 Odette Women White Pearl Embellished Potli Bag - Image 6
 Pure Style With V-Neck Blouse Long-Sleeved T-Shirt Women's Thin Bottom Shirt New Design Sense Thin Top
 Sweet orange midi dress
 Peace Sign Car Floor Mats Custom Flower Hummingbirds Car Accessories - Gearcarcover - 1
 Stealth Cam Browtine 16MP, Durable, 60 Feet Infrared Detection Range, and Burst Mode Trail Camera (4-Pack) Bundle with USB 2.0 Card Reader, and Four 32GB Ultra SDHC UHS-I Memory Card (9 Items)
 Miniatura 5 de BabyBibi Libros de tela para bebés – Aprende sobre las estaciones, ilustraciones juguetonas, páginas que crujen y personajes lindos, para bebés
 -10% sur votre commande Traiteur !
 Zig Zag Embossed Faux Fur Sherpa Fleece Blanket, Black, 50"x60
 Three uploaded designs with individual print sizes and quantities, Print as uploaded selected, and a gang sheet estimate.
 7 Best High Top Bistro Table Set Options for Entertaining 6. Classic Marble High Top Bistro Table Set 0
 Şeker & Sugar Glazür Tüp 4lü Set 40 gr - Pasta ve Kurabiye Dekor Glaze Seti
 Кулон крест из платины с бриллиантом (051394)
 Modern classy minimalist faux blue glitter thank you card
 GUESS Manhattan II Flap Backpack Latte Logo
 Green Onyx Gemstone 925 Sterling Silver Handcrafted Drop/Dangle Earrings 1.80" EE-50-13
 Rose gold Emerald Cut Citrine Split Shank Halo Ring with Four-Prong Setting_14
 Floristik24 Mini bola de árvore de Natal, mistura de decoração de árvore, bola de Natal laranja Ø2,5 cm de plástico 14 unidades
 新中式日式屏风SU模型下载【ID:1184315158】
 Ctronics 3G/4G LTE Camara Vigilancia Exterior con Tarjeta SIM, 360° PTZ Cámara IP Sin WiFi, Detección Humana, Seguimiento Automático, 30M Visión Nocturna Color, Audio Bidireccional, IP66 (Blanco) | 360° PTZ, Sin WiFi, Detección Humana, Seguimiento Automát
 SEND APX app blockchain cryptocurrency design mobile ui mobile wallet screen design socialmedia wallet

▶ _TASK DIRECTIONS_
Exactly the lines above from the one with "GUESS Manhattan II Flap Backpack Latte Logo" to the one with "Floristik24 Mini bola", both included, are to be quoted; leave the rest out.

▶ _RESULT OF THIS EXERCISE_
 GUESS Manhattan II Flap Backpack Latte Logo
 Green Onyx Gemstone 925 Sterling Silver Handcrafted Drop/Dangle Earrings 1.80" EE-50-13
 Rose gold Emerald Cut Citrine Split Shank Halo Ring with Four-Prong Setting_14
 Floristik24 Mini bola de árvore de Natal, mistura de decoração de árvore, bola de Natal laranja Ø2,5 cm de plástico 14 unidades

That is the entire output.